Difícilmente el mundo precovid hubiera aceptado el nuevo contrato en remoto que se ha impuesto, por el cual han empezado a renacer algunos pueblos golpeados por la falta de empleo de calidad, razonablemente remunerado y estable. Las normas que parecían sostener la estructura de las relaciones laborales se han flexibilizado, y acaso el mayor inconveniente sea el social: equipos sin contornos, sin roce ni perfume, envasados al vacío.
Lo rural se ha ido proyectando como un espacio pintoresco para los urbanitas. Un poco de antropología y otro tanto de paisajismo, una práctica accesible para doparse de neorruralismo chic. Pero la realidad es que los pueblos se empequeñecieron todavía más porque el modelo de vida que ofrecían había acabado por alejarse demasiado del ideal. La desconexión con las ciudades se había convertido en traumática: ahí estaba su gran anuncio de una vida con escaparates y avenidas con setos, de trabajos interesantes y centros de formación solventes, clubs, tascas y robots aspiradores Roomba, mercados capaces de proveerte de fresas durante todo el año aunque los tomates sepan a poliespán. Por ello muchas zonas rurales fueron perdiendo su dibujo al carbón y se ajaron, ante el peligro de convertirse en no lugares, una especie de pueblos dormitorio donde sus habitantes –sobre todo los jóvenes– adoptaban una posición más nihilista que en las áreas de extrarradio.

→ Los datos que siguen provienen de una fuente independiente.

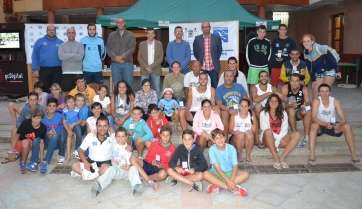 Entrega de trofeos de la competición de voley (Foto TA)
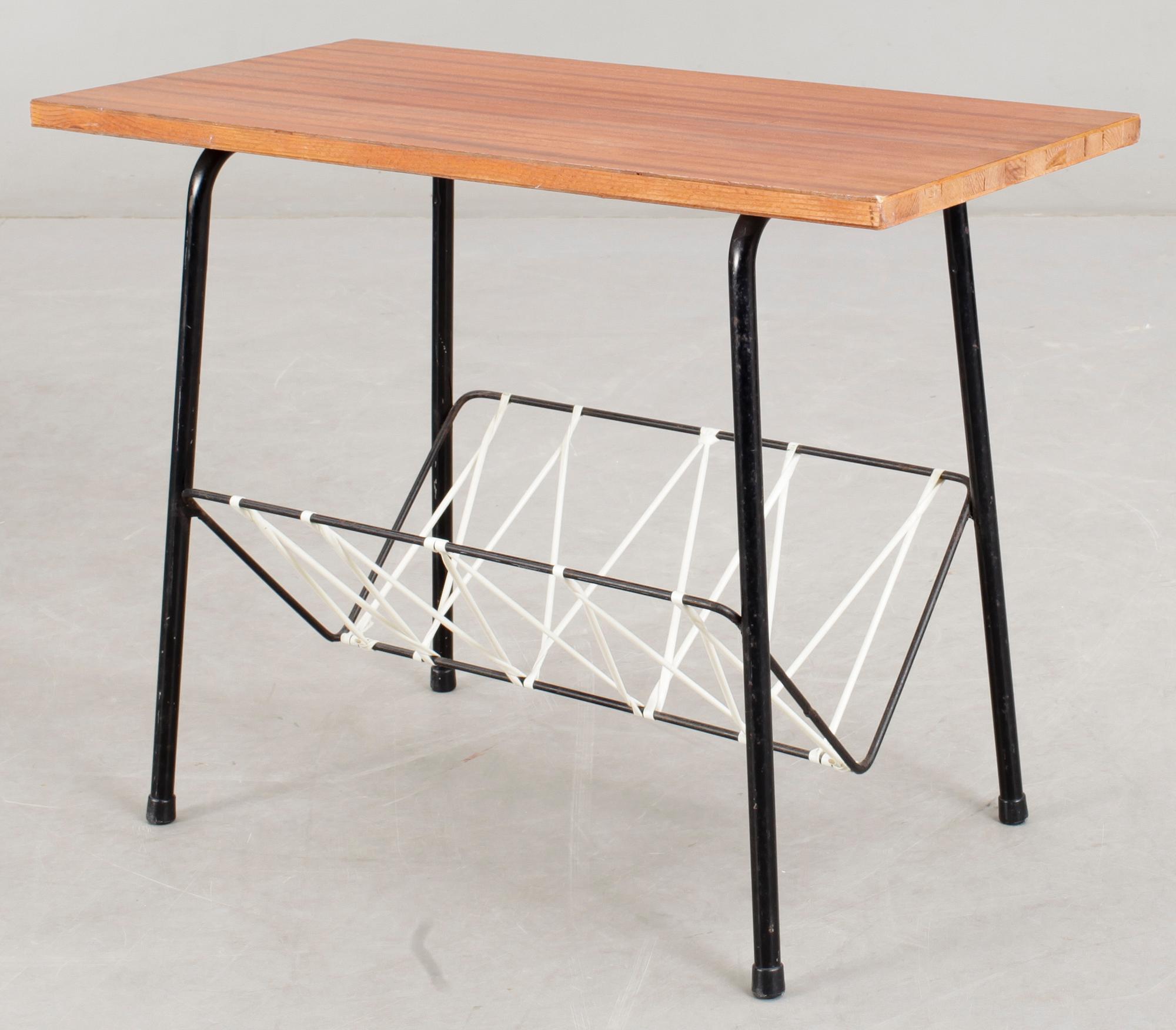 BORD med TIDNINGSHYLLA, 1960-tal.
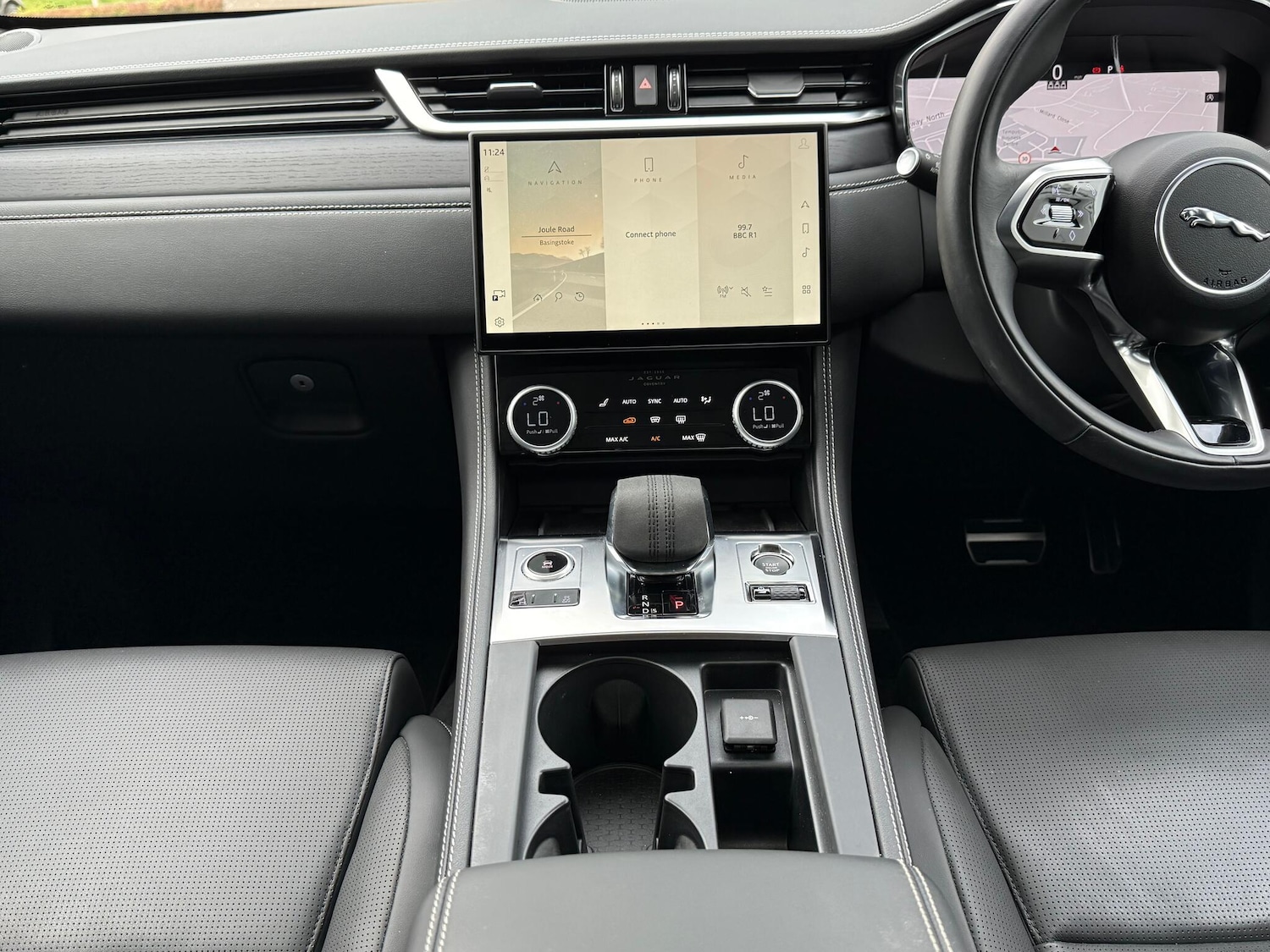Used Jaguar F-Pace 2024 for sale - 76158929: Photo 15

Algunos ayuntamientos creativos han empezado a promocionar a través de las redes campañas de repoblación, eso sí, sin autocares de solteras ni sorteos de jamones. Se trata de una invitación a un éxodo en sentido contrario. Porque, de repente, el tan humano soñar a lo grande se ha visto sacudido por lo imprevisto, instaurando una nueva humildad desde la que resurge el pueblo como un lugar donde respirar.